## [WHAT TO DO]
Exact copy, pictures excluded: the lines from the one containing "Brautkleid große Größen" to the end of the listing.

------ RECORD EXTRACTS

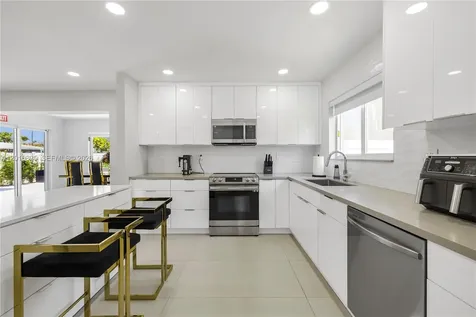 1104 N 13th Terrace Hollywood FL 33019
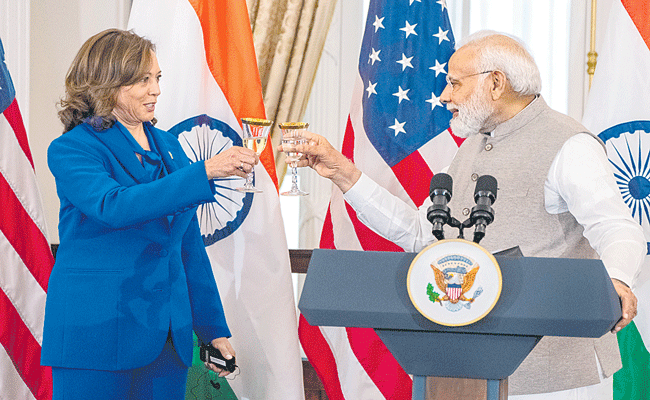 23062023117-US-INDIA.gif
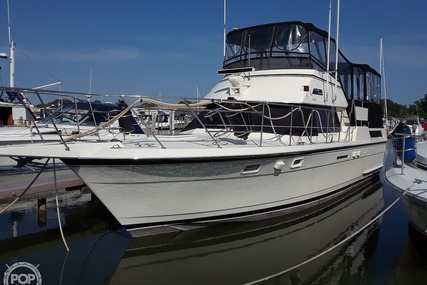 Hatteras 40 Dual Cabin Motor Yacht for sale in United States of America for $111,000 (£80,240)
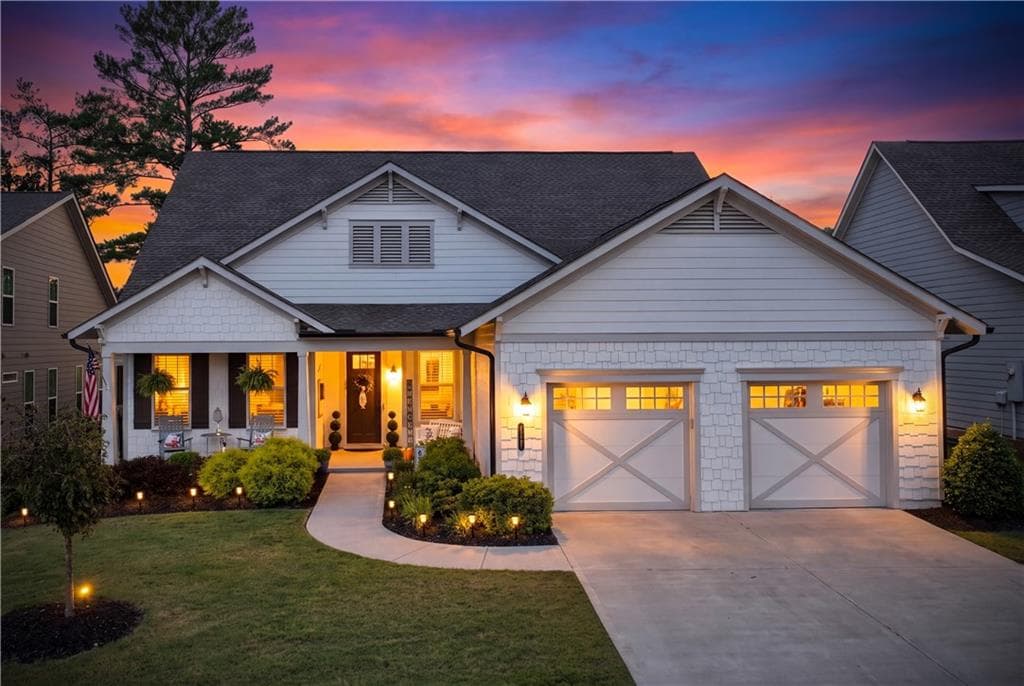 3 bedroom, 4 bathroom, 2,593 sq ft single family residence for sale at 236 Chatuge Drive, Hoschton, GA 30548 — photo 2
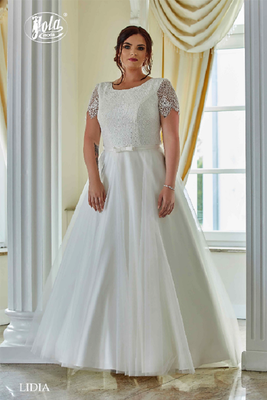 Brautkleid große Größen mit Arm aus Chiffon und Spitze vorne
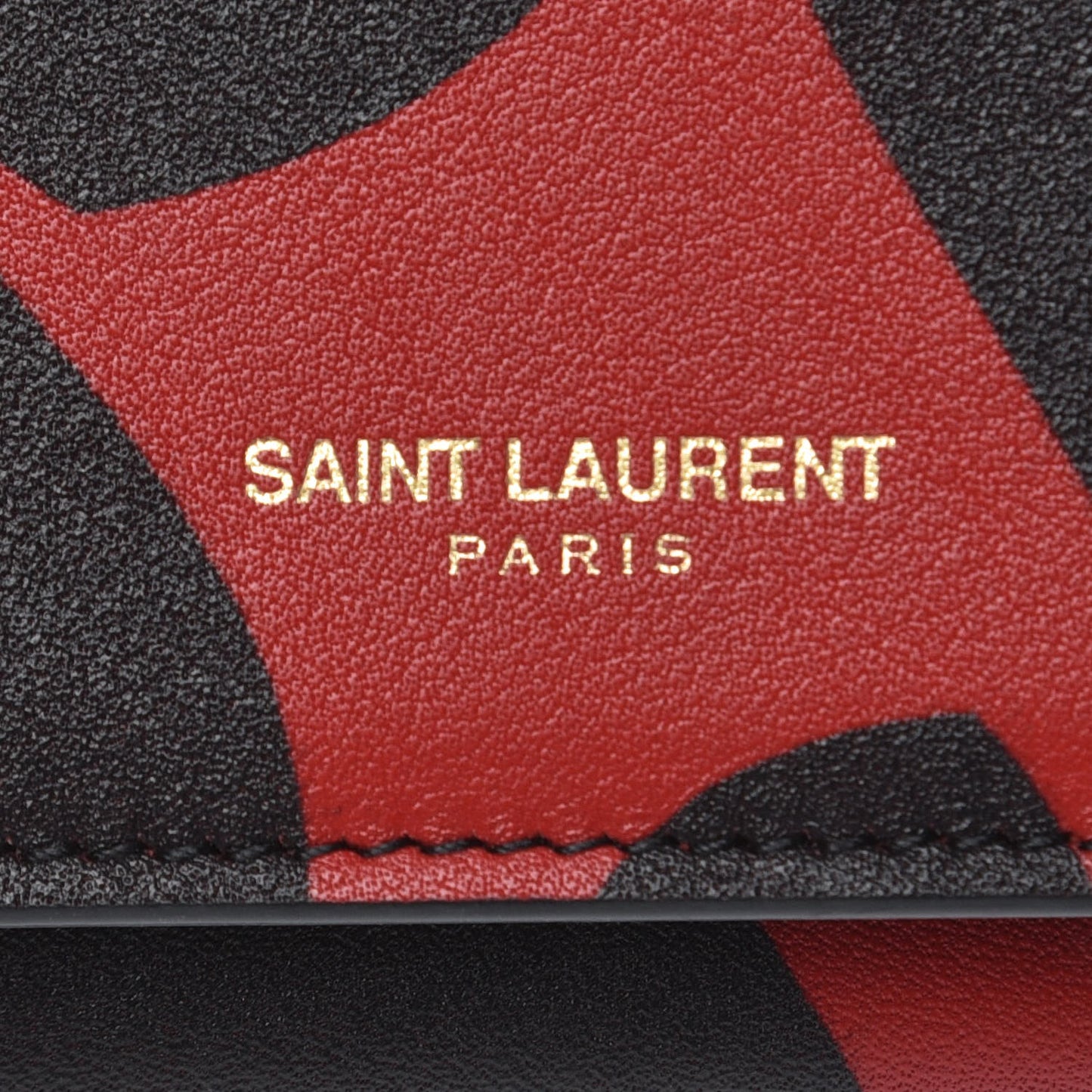 Nappa Big Hearts Large Marquage Flap Wallet Black Red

------------

## [EXERCISE RESULT]
 Brautkleid große Größen mit Arm aus Chiffon und Spitze vorne
 Nappa Big Hearts Large Marquage Flap Wallet Black Red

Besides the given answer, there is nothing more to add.